Secondary school in Iowa, United States

Columbus High School (CHS), also known as Columbus Catholic High School, is a Catholic high school in Waterloo, Iowa, United States. It is located in the Roman Catholic Archdiocese of Dubuque and is part of the Cedar Valley Catholic School system.

== History ==
Columbus High School opened with a class of 406 boys and 431 girls on August 31, 1959, following a three-year fund-raising effort. The school's primary advocate, Father A.A. McAvoy, began directing fundraising efforts in 1956. By 1959, McAvoy's efforts had yielded nearly two million dollars in pledges. In 1958, the cornerstone was blessed by Archbishop Leo Binz.

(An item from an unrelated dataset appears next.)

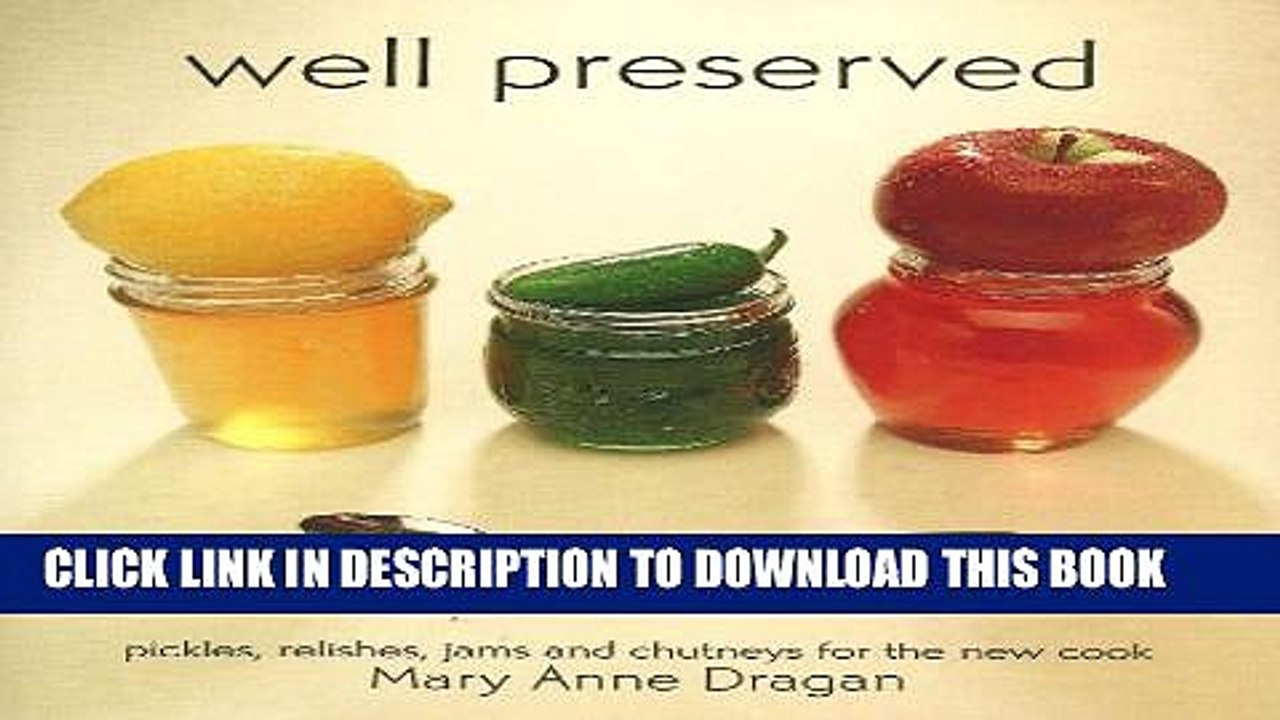 [PDF] Well Preserved: Pickles, Relishes, Jams and Chutneys for the New Cook Full Colection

Father John Paar was named principal later that year and served for 10 years. In 1968, Father Walter Brunkan, the assistant principal, was promoted to principal and remained in that role for over 20 years. In 1991, he was reassigned to St. Mary Catholic Church in Greene, Iowa, and Michael Palmer became the first lay principal. Palmer retired in 1999, and assistant principal Todd Dirth became principal, serving from 1999 until December 2003. John Carlucci served as the interim principal the remainder of that school year, and Richard Caye served as the principal for the 2004/2005 school year. The current principal, Tom Ulses, was appointed in 2005.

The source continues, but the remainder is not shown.